Liverpool HEP - Site Report June 2010...Liverpool HEP - Site Report June 2010 John Bland, Robert Fay Staff Status No changes to technical staff since last year: Two full time HEP system

Liverpool HEP - Site Report

June 2010

John Bland, Robert Fay

Staff Status

No changes to technical staff since last year:

Two full time HEP system administrators

• John Bland, Robert Fay

One full time Grid administrator (0.75FTE)

• Steve Jones, started September 2008

Not enough!

Mike Houlden has retired and David Hutchcroft has taken over as the

academic in charge of computing.

Current Hardware - Users

Desktops

• ~100 Desktops: Scientific Linux 4.3, Windows XP, Legacy systems

• Minimum spec of 3GHz ‘P4’, 1GB RAM + TFT Monitor

• Hardware upgrades this Summer, SL5.x, Windows 7

Laptops

• ~60 Laptops: Mixed architecture, Windows+VM, MacOS+VM, Netbooks

Printers

• Samsung and Brother desktop printers

• Various OKI and HP model group printers

• Recently replaced aging HP LaserJet 4200 with HP LaserJet P4015X

Current Hardware – ‘Tier 3’ Batch

‘Tier3’ Batch Farm

• Software repository (0.5TB), storage (3TB scratch, 13TB bulk)

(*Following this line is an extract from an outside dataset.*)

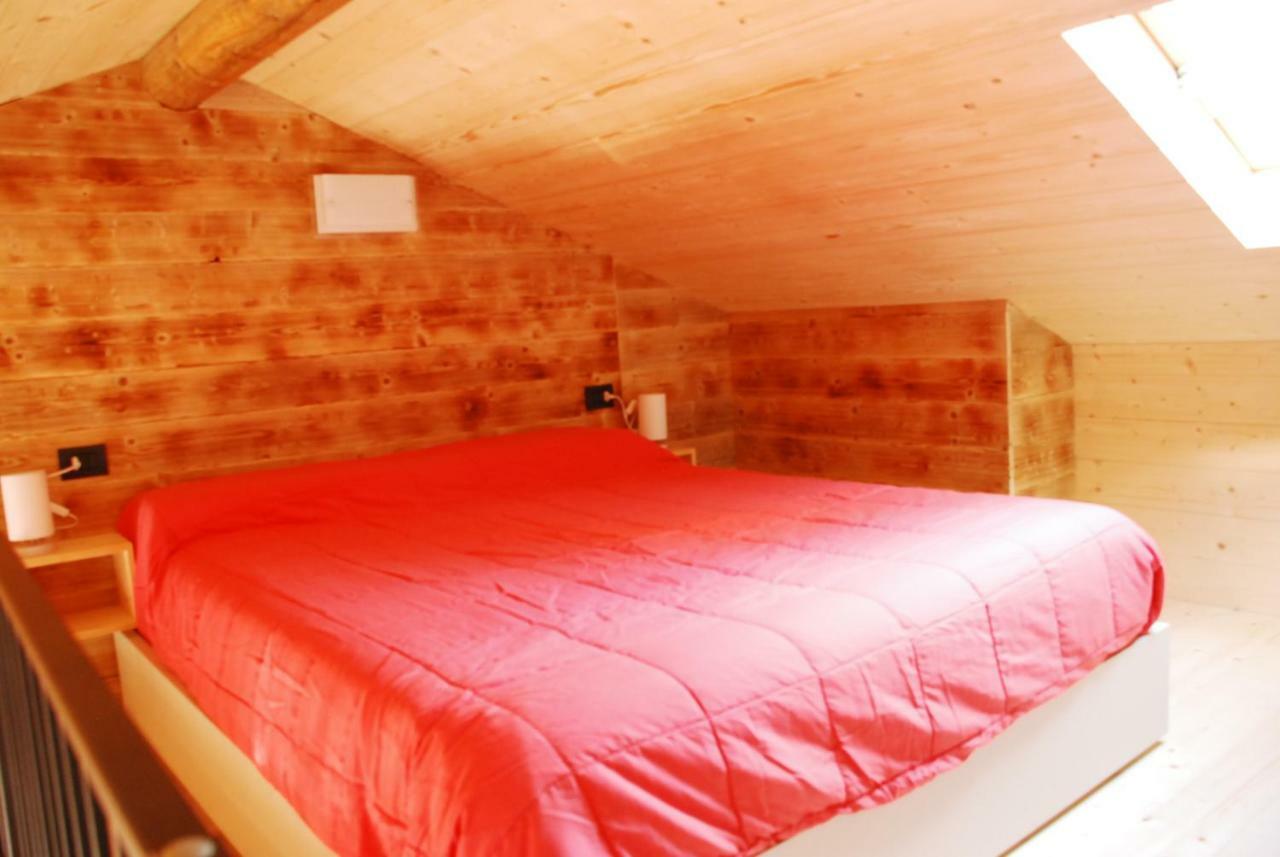 La Casa Del Borgo Holiday home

• ‘medium32’, ‘short’ queues consist of 40 32bit SL4 (3GHz P4,

1GB/core)

• ‘medium64’, ‘short64’ queues consist of 9 64bit SL5 nodes (2xL5420,

2GB/core)

• 2 of the 9 SL5 nodes can also be used interactively

• 5 older interactive nodes (dual 32bit Xeon 2.4GHz, 2GB/core)

• Using Torque/PBS/Maui+Fairshares

• Used for general, short analysis jobs

• Grid jobs now also run opportunistically on this cluster

Current Hardware – Servers

• ~40 core servers (HEP+Tier2)

• ~60 Gigabit switches

• 1 High density Force10 switch

• Console access via KVMoIP (when it works)

LCG Servers

• SE 8-core Xeon 2.66GHz, 10GB RAM, Raid 10 array

• Unstable under SL4, crashes triggered by mysqldumps

• Temporarily replaced with alternate hardware

• Testing shows it appears to be stable under SL5

• CEs, SE, UI, MON all SL4, gLite 3.1

• BDII SL5, gLite 3.2

• VMware Server being used for some servers and for testing

• MON, BDII, CE+Torque for 64-bit cluster, CREAM CE, all VMs

Current Hardware – Nodes

MAP2 Cluster

• Still going!

• Originally 24 rack (960 node) (Dell PowerEdge 650) cluster

• Nodes are 3GHz P4, 1-1.5GB RAM, 120GB disk – 5.32 HEPSPEC06

• 2 racks (80 nodes) shared with other departments

• 18 racks (~700 nodes) primarily for LCG jobs

• 1 rack (40 nodes) for general purpose local batch processing

• 3 racks retired (Dell nodes replaced with other hardware)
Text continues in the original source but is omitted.